Mozilla has laid off the remaining 50 members of its connected devices team behind Firefox OS and other projects beyond the desktop browser.
"We have shifted our internal approach to the internet-of-things opportunity to step back from a focus on launching and scaling commercial products to one focused on research and advanced development, dissolving our connected devices initiative and incorporating our internet-of-things explorations into an increased focus on emerging technologies," Mozilla said in a statement to ZDNet sister site CNET.
Ari Jaaksi, the senior vice president in charge of connected devices, and Bertrand Neveux, director of the group's software, have also left.
Mozilla's connected devices team inherited Firefox OS technologies after Mozilla abandoned its bid to challenge Android with a platform for open web apps on low-end smartphones. Mozilla launched Firefox OS in 2013 and struck several device partnerships with carriers for emerging markets.
However, like Microsoft and BlackBerry, Firefox OS failed to woo enough users and developers from Android.
By December 2015, Mozilla had given up on its smartphone ambitions to focus on Firefox OS for Internet of Things devices, which produced a partnership with Panasonic for its 4K smart TV. However, last summer it handed off maintenance to commercial partners.
While some connected device projects will be shuttered, such as a crowdsourced platform to monitor air quality, others will continue with unspecified longer-term goals, according to CNET.
Ongoing projects include Vaani, a privacy-focused take on Amazon Alexa, and VoiceBank, a project to gather enough speech samples to support training of AI-powered voice recognition. Additionally, Mozilla's DeepSpeech AI continues under the emerging technologies group.

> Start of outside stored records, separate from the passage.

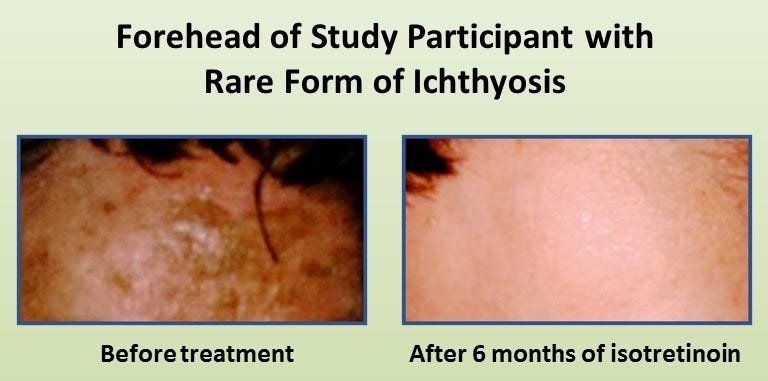 Ichthyosis 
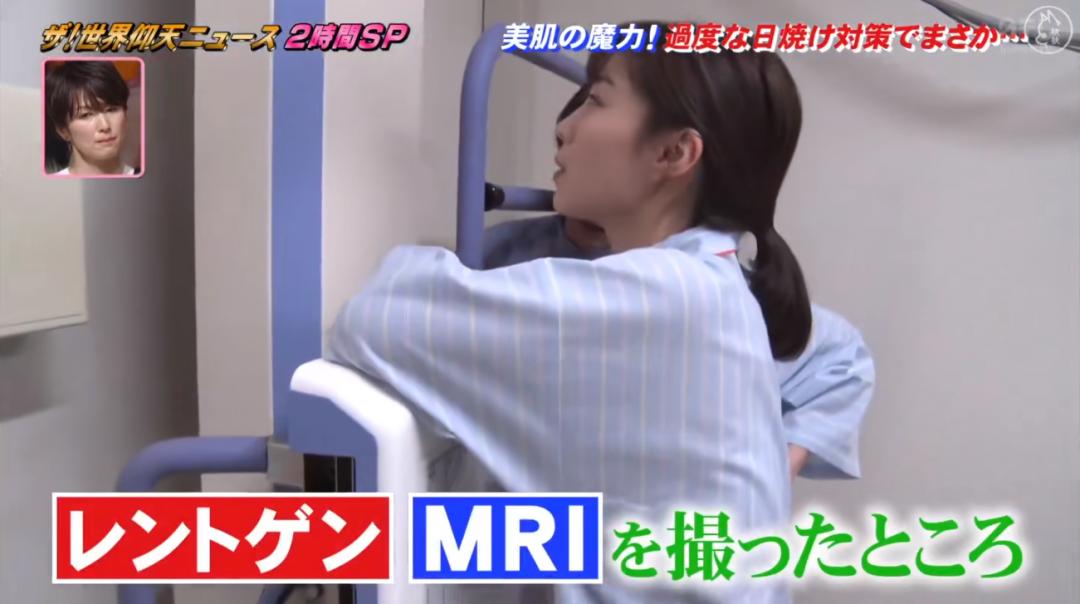 日本漂亮小姐姐不想被晒黑，每天全副武装！2年后身高竟缩水7cm…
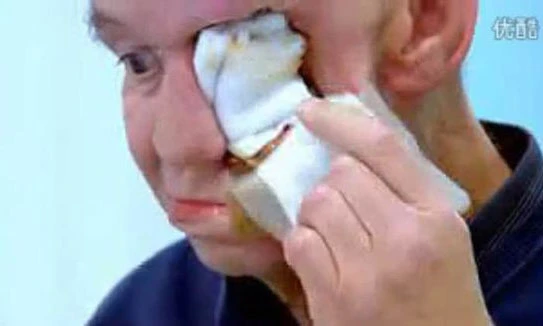 Kinh hoàng người đàn ông bị khoét nửa mặt vì ung thư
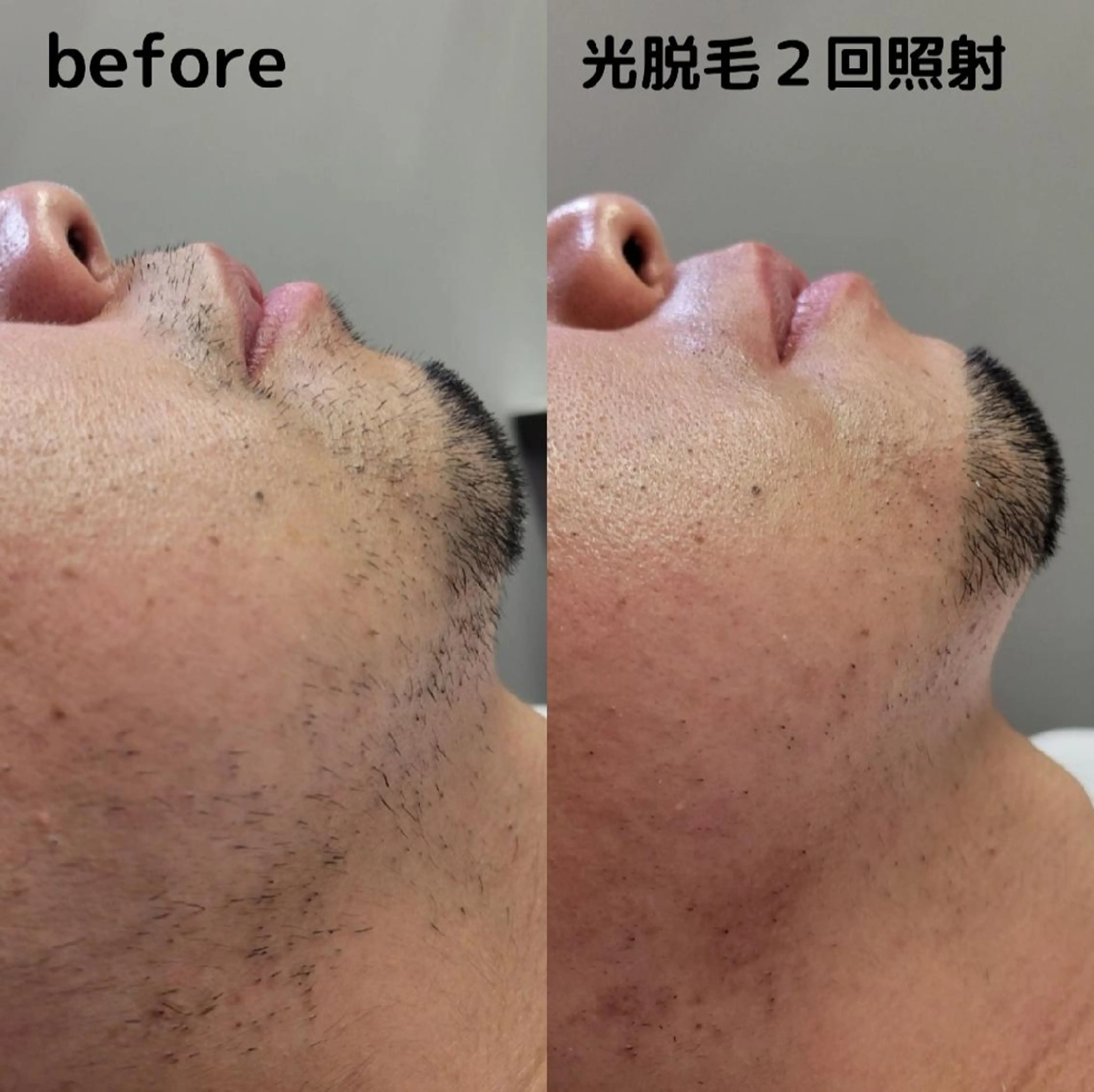 【都度払いOK🙆‍♀️】メンズ髭脱毛 /デザイン可の写真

Despite Mozilla's struggles to move beyond the desktop browser, which is now overshadowed by Chrome, and low adoption of its mobile browser, the organization saw record revenues in 2015.
After ending its global search deal with Google in 2014 and striking regional partnerships with Yahoo, Yandex and Baidu for their respective home markets, Mozilla earned $421m in 2015.
As a non-profit, it's using those funds to campaign against numerous threats to the open internet outlined in its recent Internet Health Report, which covers issues ranging from market dominance by Apple, Amazon and Google, net neutrality, encryption, cyber attacks, and bad government policies.